<ハ短調>
1 このエチュードの難しいところは、メロディーラインと伴奏部分が距離的にはかなり近い位置にあるにもかかわらず、伴奏部分の音数が旋律に比べて極端に多く、結果メロディーラインが伴奏によってバランスを失い、聴き取りづらくなってしまうところです。そのため、左手は最終的にppで演奏する事になるのですが、そうすると次の典型的な問題が発生します。
1 粒が揃わなくなる
2 音が抜ける 等の問題です。
左手の16分音符は、時に右手を使ってリレーを行わなければなりませんが、それ以前に、左手だけを考えた時でも「左手の粒を揃える事」が大前提になります。
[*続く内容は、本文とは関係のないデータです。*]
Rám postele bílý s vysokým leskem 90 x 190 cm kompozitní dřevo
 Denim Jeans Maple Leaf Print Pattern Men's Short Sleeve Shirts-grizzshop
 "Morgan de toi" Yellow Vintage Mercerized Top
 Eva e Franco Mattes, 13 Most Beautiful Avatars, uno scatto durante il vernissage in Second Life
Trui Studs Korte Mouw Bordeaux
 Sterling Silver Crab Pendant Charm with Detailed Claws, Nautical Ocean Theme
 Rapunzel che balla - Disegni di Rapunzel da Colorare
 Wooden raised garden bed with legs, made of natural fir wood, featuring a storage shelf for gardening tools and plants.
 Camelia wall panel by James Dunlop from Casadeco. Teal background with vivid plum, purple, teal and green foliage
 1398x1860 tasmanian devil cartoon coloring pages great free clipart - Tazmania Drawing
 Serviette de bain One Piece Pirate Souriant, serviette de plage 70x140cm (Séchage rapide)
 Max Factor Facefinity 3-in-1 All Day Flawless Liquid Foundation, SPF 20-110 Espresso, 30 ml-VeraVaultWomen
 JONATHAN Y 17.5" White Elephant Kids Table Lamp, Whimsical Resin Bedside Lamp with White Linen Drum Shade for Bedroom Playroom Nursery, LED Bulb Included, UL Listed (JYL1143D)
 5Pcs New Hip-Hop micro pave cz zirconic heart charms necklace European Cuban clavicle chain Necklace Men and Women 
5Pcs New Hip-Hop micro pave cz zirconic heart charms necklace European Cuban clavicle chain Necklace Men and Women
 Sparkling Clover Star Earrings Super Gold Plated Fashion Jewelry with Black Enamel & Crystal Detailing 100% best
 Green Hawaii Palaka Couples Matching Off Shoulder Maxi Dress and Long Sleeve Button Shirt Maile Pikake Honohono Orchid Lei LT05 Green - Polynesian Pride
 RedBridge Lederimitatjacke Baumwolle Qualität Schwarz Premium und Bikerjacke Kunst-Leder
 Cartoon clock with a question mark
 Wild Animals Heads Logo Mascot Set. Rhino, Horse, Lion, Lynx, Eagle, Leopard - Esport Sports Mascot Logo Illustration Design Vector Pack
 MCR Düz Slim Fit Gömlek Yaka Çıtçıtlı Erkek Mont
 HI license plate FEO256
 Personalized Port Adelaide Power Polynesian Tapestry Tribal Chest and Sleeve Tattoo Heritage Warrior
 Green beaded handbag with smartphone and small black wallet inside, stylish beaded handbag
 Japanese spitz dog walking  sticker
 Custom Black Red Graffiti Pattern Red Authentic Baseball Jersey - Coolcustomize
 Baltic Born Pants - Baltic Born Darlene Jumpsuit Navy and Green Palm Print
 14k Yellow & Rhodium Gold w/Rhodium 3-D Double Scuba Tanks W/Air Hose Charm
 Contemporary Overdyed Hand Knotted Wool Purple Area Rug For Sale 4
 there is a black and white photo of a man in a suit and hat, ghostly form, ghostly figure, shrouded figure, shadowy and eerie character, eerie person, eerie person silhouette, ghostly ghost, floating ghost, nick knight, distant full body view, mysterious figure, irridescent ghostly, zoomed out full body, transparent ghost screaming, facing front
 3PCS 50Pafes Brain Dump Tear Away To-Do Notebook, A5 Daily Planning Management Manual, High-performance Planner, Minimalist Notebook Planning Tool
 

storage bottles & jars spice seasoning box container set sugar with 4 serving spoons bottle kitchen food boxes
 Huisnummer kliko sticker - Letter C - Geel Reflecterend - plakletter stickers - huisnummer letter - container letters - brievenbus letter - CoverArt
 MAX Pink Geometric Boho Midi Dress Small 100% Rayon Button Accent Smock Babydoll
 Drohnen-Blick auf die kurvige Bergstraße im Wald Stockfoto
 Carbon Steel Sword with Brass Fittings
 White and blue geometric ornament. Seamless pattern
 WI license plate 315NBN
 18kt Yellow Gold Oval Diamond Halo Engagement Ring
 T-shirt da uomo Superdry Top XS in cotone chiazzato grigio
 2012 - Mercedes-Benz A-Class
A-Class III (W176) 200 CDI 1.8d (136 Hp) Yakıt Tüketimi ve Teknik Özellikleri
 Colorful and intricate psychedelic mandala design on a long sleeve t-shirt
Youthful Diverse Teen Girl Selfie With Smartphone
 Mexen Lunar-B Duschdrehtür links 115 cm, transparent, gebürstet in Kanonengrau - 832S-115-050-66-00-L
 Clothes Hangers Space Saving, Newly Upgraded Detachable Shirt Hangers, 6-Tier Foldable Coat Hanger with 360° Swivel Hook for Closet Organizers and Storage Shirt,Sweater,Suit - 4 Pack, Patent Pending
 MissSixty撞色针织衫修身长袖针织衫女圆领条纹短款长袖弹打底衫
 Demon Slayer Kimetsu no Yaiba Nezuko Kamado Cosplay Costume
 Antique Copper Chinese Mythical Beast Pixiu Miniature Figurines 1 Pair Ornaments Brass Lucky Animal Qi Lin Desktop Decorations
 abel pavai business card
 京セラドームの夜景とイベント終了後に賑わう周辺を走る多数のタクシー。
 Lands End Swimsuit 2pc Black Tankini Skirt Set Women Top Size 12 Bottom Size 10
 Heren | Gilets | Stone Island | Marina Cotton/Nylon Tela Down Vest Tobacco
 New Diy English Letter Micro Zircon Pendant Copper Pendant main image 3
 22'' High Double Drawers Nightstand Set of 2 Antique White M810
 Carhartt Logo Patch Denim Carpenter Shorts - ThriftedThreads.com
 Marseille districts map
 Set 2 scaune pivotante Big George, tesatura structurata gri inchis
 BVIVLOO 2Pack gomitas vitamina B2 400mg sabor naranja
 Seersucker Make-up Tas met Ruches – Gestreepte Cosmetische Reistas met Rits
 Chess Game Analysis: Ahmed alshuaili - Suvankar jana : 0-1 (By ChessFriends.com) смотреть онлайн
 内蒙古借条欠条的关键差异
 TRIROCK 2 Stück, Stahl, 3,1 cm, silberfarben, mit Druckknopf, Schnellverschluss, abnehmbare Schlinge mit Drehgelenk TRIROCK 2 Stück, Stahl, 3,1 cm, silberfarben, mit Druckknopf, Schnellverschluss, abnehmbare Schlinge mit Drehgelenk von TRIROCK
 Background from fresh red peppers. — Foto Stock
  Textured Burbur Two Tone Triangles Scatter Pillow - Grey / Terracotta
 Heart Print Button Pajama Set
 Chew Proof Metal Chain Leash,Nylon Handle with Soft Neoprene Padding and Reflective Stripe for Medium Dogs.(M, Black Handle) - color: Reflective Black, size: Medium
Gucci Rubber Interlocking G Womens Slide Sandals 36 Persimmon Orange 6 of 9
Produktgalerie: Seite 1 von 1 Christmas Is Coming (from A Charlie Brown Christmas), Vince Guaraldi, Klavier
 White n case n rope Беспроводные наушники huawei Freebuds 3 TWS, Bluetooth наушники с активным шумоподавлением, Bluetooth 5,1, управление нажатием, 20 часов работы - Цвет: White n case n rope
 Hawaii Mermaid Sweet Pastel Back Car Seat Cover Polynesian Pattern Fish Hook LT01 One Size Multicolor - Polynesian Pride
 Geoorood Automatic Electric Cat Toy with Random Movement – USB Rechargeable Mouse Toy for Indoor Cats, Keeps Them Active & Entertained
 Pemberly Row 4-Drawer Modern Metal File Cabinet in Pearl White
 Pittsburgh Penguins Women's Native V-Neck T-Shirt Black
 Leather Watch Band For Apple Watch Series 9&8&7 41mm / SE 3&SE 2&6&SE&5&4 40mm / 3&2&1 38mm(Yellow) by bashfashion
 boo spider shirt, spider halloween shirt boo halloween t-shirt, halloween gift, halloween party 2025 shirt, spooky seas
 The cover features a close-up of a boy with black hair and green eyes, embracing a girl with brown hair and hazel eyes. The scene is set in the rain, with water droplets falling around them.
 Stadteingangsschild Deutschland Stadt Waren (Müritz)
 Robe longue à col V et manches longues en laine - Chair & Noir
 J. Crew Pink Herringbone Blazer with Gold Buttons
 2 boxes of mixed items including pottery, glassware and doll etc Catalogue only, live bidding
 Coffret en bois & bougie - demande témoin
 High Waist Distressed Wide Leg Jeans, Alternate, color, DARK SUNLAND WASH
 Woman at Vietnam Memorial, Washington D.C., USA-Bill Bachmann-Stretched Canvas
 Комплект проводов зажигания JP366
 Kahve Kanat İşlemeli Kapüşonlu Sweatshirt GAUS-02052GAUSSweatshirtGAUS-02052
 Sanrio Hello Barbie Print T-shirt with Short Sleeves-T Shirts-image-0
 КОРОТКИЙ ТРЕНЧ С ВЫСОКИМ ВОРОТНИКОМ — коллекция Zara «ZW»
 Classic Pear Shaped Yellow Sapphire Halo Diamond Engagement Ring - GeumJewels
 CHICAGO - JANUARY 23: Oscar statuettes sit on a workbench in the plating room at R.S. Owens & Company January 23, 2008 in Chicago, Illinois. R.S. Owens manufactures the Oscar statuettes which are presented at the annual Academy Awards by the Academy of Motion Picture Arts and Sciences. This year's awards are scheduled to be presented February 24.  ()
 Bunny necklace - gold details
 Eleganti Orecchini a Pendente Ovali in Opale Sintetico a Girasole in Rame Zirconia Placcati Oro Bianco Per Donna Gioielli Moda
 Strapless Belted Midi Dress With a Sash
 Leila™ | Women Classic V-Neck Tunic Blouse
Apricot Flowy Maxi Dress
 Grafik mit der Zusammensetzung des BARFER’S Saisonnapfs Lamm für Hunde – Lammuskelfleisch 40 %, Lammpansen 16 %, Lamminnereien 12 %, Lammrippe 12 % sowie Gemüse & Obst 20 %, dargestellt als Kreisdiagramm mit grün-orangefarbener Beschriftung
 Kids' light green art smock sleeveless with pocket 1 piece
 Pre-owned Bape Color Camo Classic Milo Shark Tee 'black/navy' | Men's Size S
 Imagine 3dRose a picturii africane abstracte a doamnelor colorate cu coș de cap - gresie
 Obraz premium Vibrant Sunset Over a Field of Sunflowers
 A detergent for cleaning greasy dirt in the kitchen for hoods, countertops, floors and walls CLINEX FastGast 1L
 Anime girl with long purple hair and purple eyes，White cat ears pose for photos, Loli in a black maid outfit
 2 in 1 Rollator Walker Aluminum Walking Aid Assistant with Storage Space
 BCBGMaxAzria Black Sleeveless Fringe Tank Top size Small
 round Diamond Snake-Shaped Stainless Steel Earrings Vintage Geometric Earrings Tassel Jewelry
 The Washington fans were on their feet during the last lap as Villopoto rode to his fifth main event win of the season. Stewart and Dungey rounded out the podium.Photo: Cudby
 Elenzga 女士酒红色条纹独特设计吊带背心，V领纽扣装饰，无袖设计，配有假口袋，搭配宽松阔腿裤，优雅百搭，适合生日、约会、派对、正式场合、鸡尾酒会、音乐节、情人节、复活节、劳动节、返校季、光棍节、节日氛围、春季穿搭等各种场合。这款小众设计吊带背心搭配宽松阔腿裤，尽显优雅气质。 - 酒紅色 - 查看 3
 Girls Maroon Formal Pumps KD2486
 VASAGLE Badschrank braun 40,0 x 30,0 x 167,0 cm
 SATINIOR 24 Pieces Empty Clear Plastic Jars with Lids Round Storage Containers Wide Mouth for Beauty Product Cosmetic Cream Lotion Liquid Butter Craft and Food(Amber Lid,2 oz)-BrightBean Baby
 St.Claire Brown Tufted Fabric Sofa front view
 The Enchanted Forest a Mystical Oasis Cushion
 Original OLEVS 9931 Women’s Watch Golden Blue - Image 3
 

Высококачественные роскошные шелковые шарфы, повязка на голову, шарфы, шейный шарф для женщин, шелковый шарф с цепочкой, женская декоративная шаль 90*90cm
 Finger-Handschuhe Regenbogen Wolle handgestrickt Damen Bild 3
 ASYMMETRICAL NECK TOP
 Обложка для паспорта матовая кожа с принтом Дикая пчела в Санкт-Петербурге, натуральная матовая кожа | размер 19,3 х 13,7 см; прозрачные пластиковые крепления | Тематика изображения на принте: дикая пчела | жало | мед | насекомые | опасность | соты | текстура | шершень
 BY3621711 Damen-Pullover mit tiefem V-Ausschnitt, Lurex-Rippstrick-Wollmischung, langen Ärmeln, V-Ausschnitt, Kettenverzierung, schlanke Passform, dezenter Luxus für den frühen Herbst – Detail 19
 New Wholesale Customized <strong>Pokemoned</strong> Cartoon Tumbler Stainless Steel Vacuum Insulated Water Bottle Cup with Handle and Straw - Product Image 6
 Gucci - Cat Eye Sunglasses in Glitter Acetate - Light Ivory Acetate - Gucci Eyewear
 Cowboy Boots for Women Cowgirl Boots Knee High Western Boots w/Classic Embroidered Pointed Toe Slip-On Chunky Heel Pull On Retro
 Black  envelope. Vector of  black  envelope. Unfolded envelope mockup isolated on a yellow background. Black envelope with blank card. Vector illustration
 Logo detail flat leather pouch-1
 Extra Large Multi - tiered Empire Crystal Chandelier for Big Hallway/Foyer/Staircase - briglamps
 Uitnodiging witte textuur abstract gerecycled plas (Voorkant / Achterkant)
このエチュードは、横に流れるように弾かなければならなく、そのためには拍を感じさせるような、縦割りの弾き方にならないように注意します。結果、左手はppで、粒を揃えなければならず、音が抜けてしまうような危険な箇所は多くありますので、以下、練習方法です。
最初から音楽を作ろうとせず、ハノンのように、全ての音を強めに、テンポを遅く、マルカートではっきりと練習します。粒が不揃いになってしまう場合は、ドホナーニやピシュナーなどの独立練習方法を取り入れてください。練習時はバランスやダイナミックのことを一切考えず、左手が全ての音をがっちりと掴める事を目指してください。そのような地道な練習を行う事により、ppに下げ、インテンポにした時に抜ける音を無くす事ができます。
2 16小節目から18小節目まで、左手は大きく跳躍します。しかし跳躍が大きくなるほど(例えば18小節目のように)、大きな音で弾いてしまいがちですが、強弱記号はpとなっています。この3小節間、左手は決してオンタイム(テンポどおり)には行かないで、無理な素早い跳躍をせず、十分な時間をとってください。
3 このエチュードのメロディーラインは基本的に単旋律で書かれていますが、オクターブに変わる箇所が数箇所あります。どんな曲にも言える事ではありますが、メロディーがオクターブになった途端に硬く聞こえてしまうのは、音量が大きすぎるからです。オクターブの音量は半分に落として硬さを取ります。10小節目は2拍目からオクターブに変わりますね。しかしこれは突然大きくするsubito f ではなく、9小節目でcrescendoをかけ、単旋律とオクターブを一体化させるように弾いてください。
4 音楽的側面の話をすると、このエチュードは典型的なアレンスキーのカラーがとても出ています。もしもこれが初めてのアレンスキーの曲として弾くなり、聴くなりする場合は、その他のアレンスキーの作品も多く聴いてください。彼の言語が理解できるようになり、曲がより一層納得のいくものとなります。